P. Amanda Whitaker
Columbus, Ohio 43235
Email: ************@*****.***
Education: The Ohio State University: Bachelor of Science in Wildlife Management, 2004
Areas of Expertise:
● Over 5 Years of Laboratory Experience; Detail oriented, self-directed and highly adaptable to new
situations, excellent manual dexterity, extensive experience with different types of Autoclaves.
● Over 4 Years of Experience; cGMP work methods, documentation, Document Review, also cell culture,
microbiology and wet chemistry techniques.
● Technical Writing including; standard operating procedures (SOP), Batch Record Statements, medical
device complaint ticket review summaries, equipment validation processes, system performance reports,
System Deviation Reports.
● Extensive Experience Training Teammates in GMP Areas including; technical cleaning, aseptic gowning,
documentation, and database systems.
● Completed Major Validation Process of cGMP Autoclave, and supporting systems, involving RA, IQ,
OQ, and FTPs, which lead to use of fewer BIs, higher overall Autoclave Process Efficiency, and Less
Cost.
Experience:
Quality Assurance Coordinator II, Abbott Nutrition, July 2012 - Nov 2012:
● Utilized Abbott’s Complaint Handling System to actively review medical device complaints, and properly
document Result Summaries of reviewed data into system as outlined by Abbott Nutrition guidelines.

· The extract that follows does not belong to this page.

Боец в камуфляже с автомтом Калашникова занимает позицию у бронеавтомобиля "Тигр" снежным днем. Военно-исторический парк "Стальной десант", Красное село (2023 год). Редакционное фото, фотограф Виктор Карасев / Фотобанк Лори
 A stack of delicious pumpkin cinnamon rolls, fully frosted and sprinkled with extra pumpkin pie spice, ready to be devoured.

● Maintained a high degree of accuracy and analytical thinking while interfacing with multiple database
applications to acquire additional information pertaining to complaints under review.
● Reviewed all collected information regarding Abbott international complaints and assured documentation
of each complaint in a manner that is in accordance with FDA regulations.
● Interacted directly with International Affiliates via Abbott’s Complaint Handling System, while
performing final review activities, to advance the complaints through the system to complete.
● Assured the resolution of all quality concerns associated with each complaint ticket while working closely
with International Affiliates, Medical Safety and Surveillance and Regulatory Affairs.
● Possesses knowledge of applicable regulatory standards and requirements for infant formula and
nutritional products.
Research Assistant, Nationwide Children’s Hospital Research Institute, April 2010 - July 2012:
● Performed Environmental Monitoring of Clinical Manufacturing Facility.
● Executed Endotoxin Assay, kinetic chromogenic method.
● Passed media fill qualification and assisted in Aseptic Fill for various drug lots.
● Performed accurate aseptic cell culture.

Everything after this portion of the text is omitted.